Сходную картину торговой жизни пьяццы рисует В. Немирович-Данченко:
Здесь начинались и обрывались песни, там продавец сладостей и нанизанных на деревянные шпильки обсахаренных фруктов выпевал однообразное: carameli, carameli; сотни мальчишек со спичками совали их в руки каждому, предлагая купить solfanelli и тем спасти несчастную семью с сорока двумя детьми, к которым принадлежал и сам продавец, от голодной смерти.
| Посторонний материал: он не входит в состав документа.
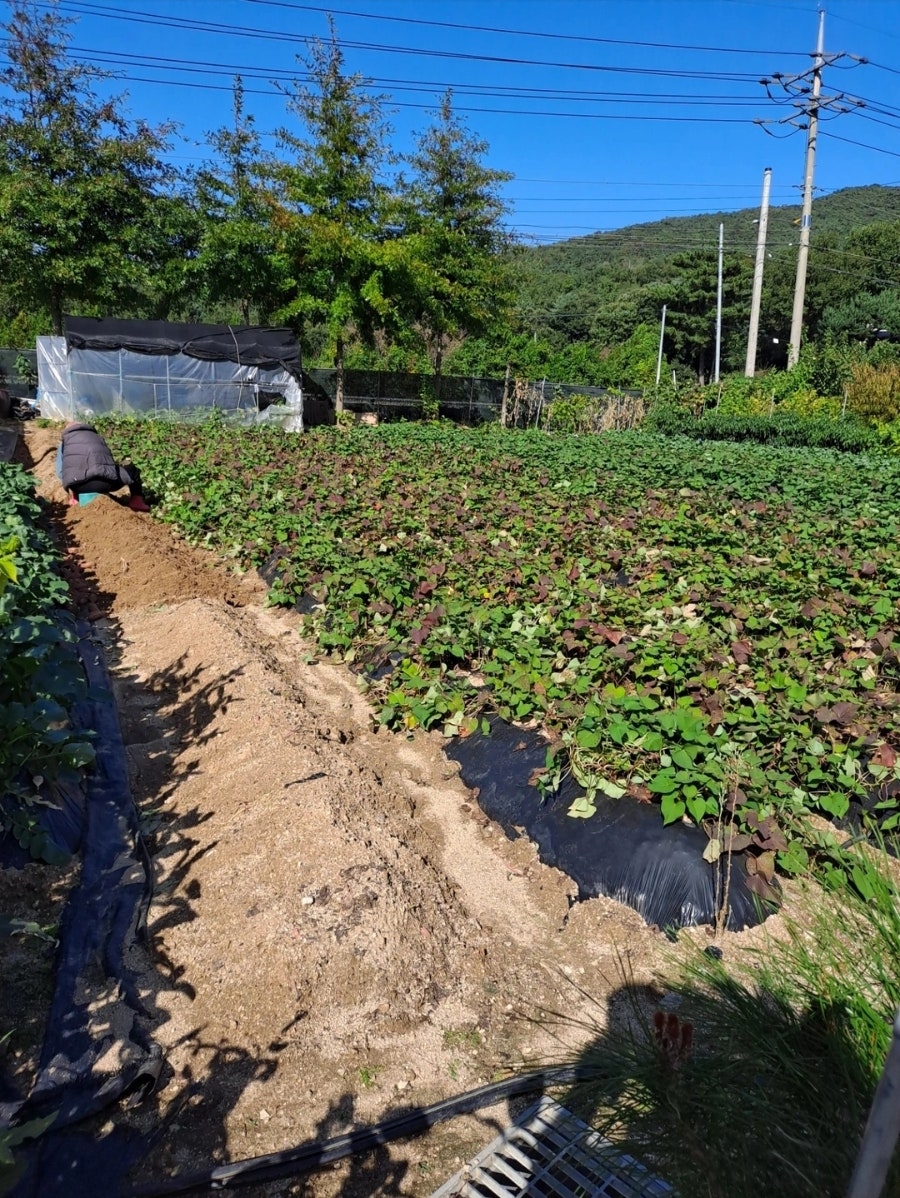 교산저수지 사진 3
В толпе шныряли оборванцы, которые, завидев туриста, моментально, одним взмахом руки, с шумом, подобным пистолетным выстрелам, развертывали перед ним целую ленту наклеенных на холст фотографий[329].
Названные последними продавцы открыток с венецианскими видами составляли наиболее мобильную и энергичную часть соответствующей публики – и именно открытки, приобретаемые у них, организовывали центральный поток экспорта венецианских образов. В отличие от классических ведут открытка (вошедшая в быт в последнюю четверть XIX века) и идущая с ней бок о бок фотографическая карточка имели славу эрзац-искусства («И это она, его Венеция, равнодушно продает свою красоту пошлой интернациональной открытке»[330]), но именно благодаря этим бумажным эмиссарам ключевые образы города заранее оказывались знакомы большинству впервые в него приезжавших: «Вид на Б. Канал и остров S. Gorgie Maggiore показался мне до странности знакомым. Действительно, так часто приходилось видеть на картинах и фотографиях силуэт купола и башни на прозрачном небе, что кажется, будто видела все это уже не раз. Впечатление чего-то знакомого усиливалось еще и благодаря луне, которая картинно освещала края несущихся облаков»[331].
Весьма выразительный диалог с продавцом открыток описан в сатириконском травелоге:
– Cartolina postale!
– No, signore.
– Cartolina postale!!
– No, no!
– Cartolina postale!!
– Не надо, тебе говорят!
– Русски! Ошень кароши cartolina… Molto bene.
– Русски, а? Купаться! Шеловек! Берешь cartolina postale?
– Убирайся к черту! Алевузан, пока тебе не попало.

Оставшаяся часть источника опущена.